# PROBLEM TO WORK ON
When the line with "Jacobs 4 horn" turns up below, begin repeating exactly, and carry on through the line with "Fall colors, orange"; no pictures go into the copy.

# DATA FOR PROCESSING
━━━━━━━━━━━━━━━━━━━━

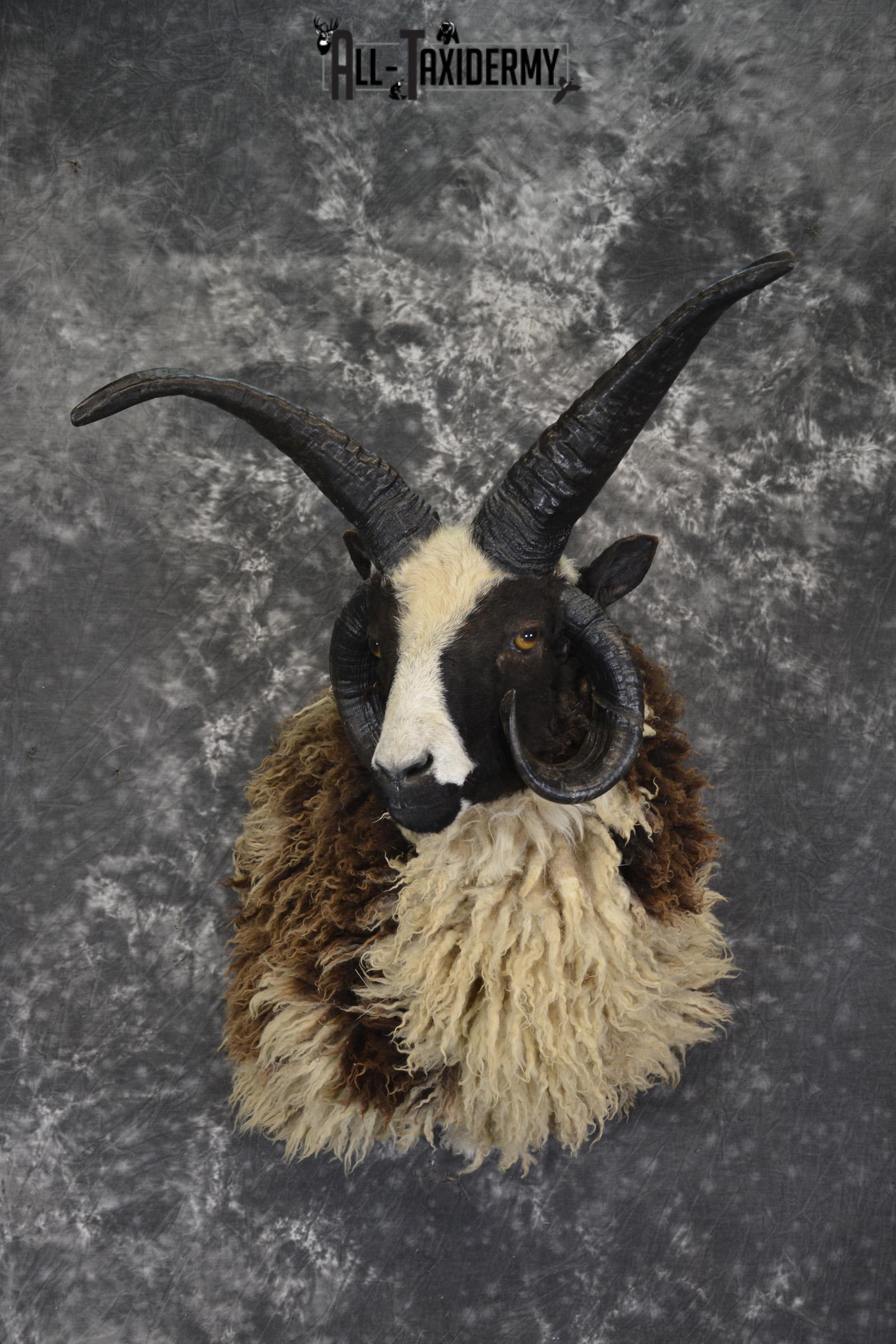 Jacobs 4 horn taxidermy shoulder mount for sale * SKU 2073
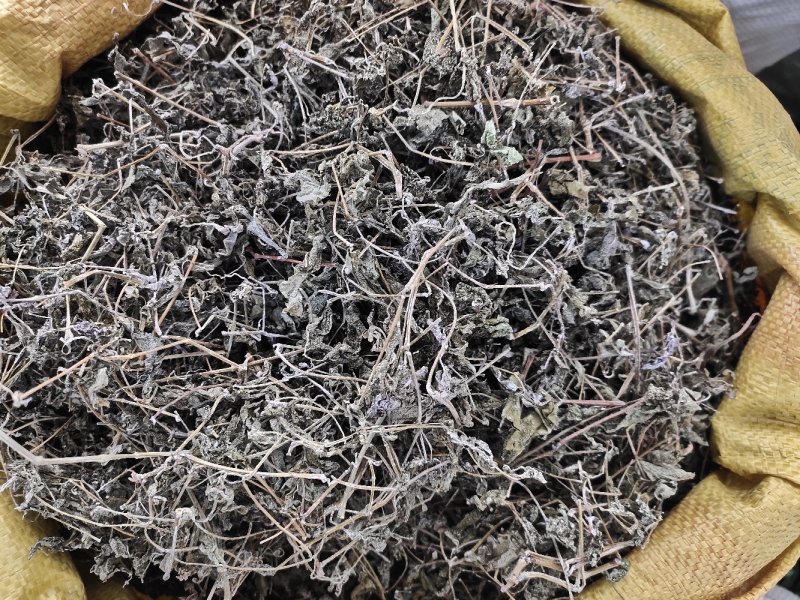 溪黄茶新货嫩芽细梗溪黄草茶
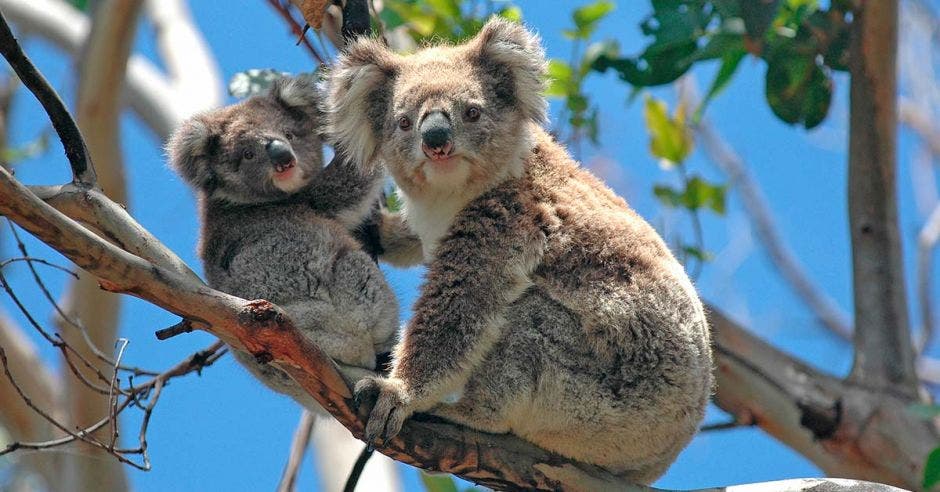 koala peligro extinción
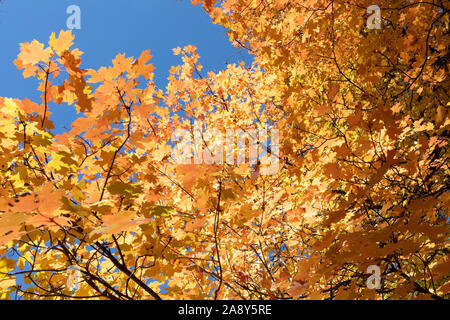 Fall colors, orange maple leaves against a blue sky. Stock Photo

━━━━━━━━━━━━━━━━━━━━

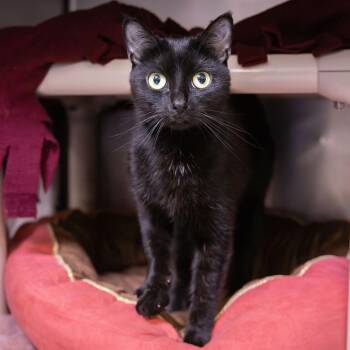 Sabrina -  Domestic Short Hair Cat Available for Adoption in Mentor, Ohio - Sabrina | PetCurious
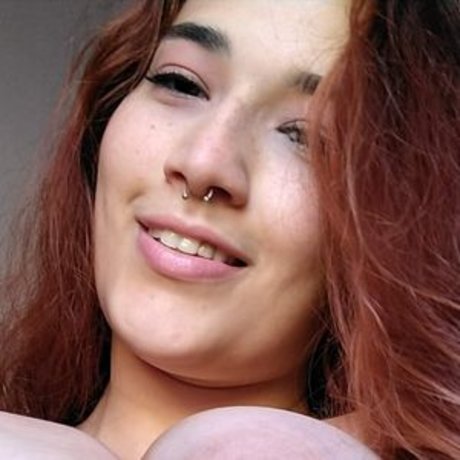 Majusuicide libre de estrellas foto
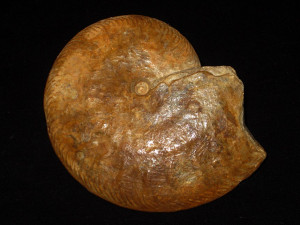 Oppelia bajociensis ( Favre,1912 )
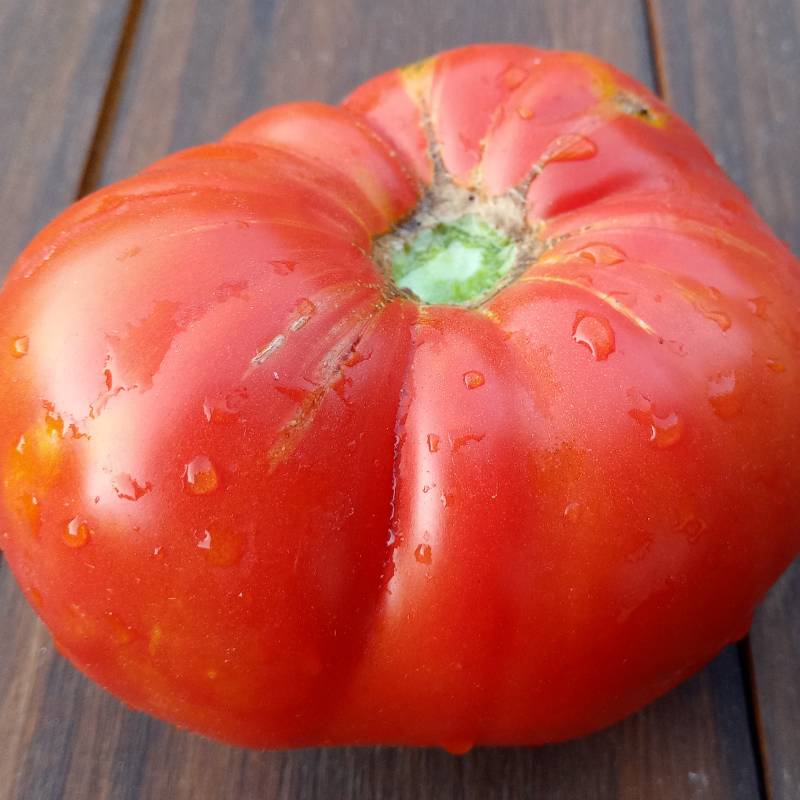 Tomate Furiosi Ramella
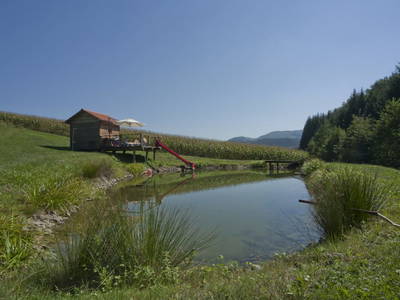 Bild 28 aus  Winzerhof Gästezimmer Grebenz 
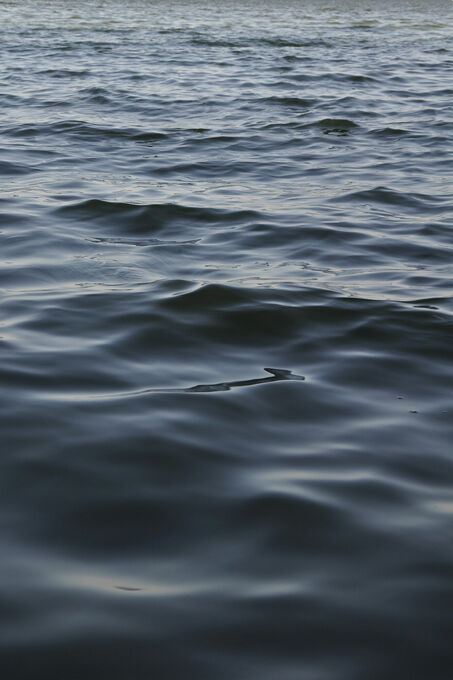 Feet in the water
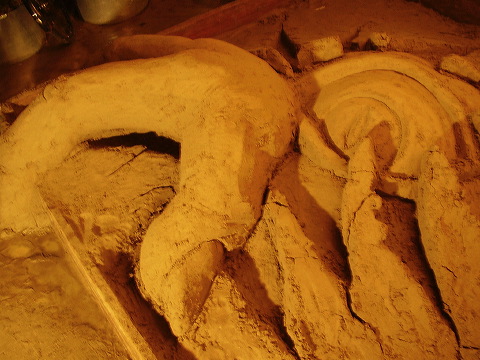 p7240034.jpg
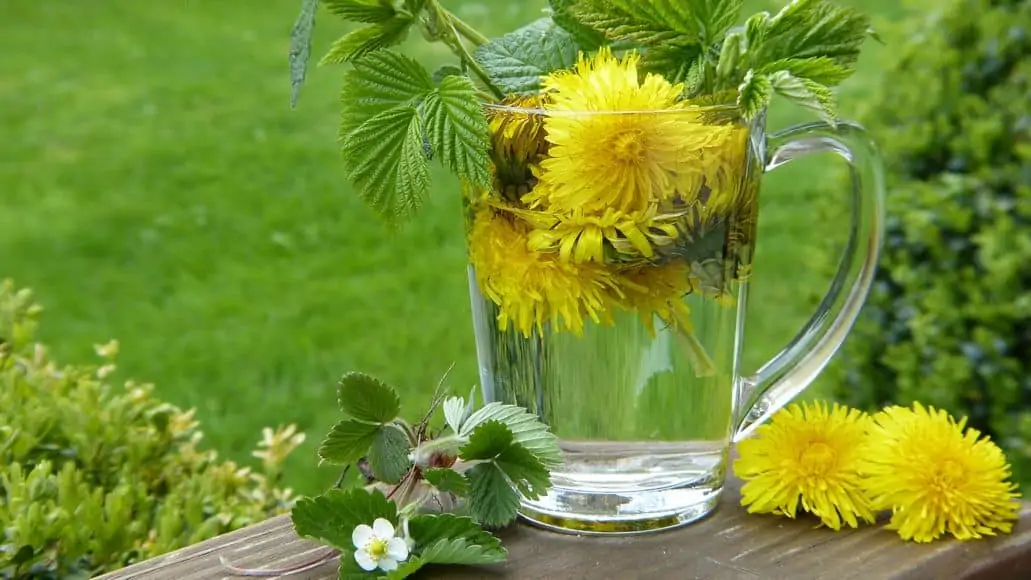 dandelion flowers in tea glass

━━━━━━━━━━━━━━━━━━━━

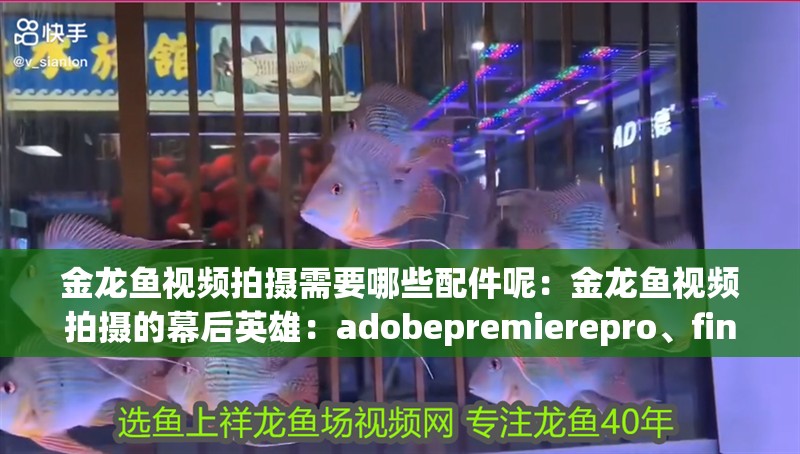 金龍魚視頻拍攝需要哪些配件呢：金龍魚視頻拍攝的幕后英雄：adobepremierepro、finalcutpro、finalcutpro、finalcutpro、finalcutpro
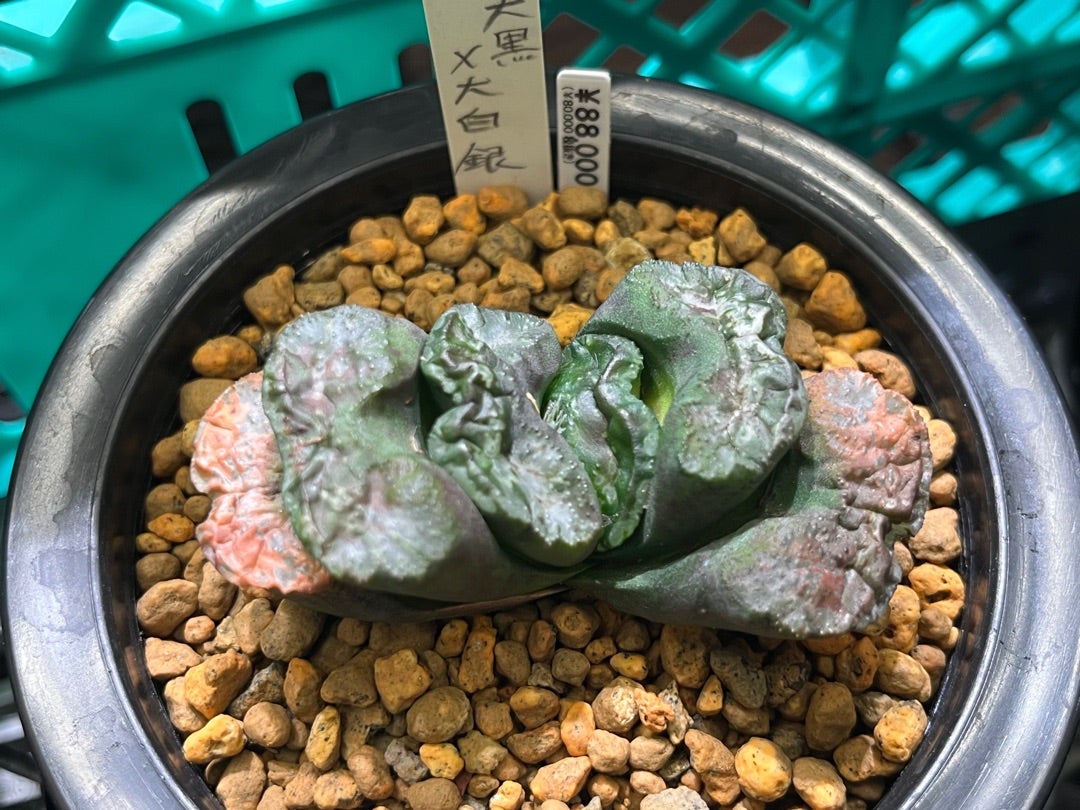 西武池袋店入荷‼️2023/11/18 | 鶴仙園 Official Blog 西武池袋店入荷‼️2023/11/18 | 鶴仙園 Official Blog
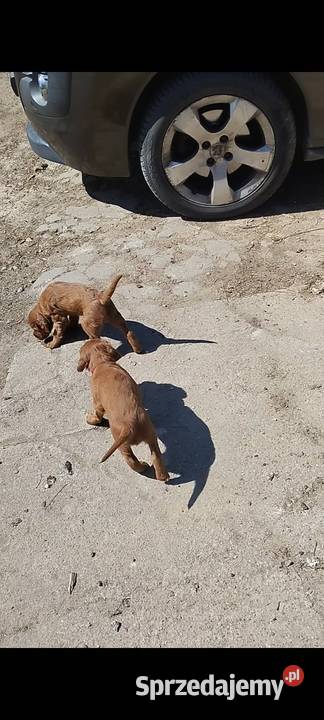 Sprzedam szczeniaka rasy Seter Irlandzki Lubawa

━━━━━━━━━━━━━━━━━━━━

# SOLVED EXERCISE
 Jacobs 4 horn taxidermy shoulder mount for sale * SKU 2073
 溪黄茶新货嫩芽细梗溪黄草茶
 koala peligro extinción
 Fall colors, orange maple leaves against a blue sky. Stock Photo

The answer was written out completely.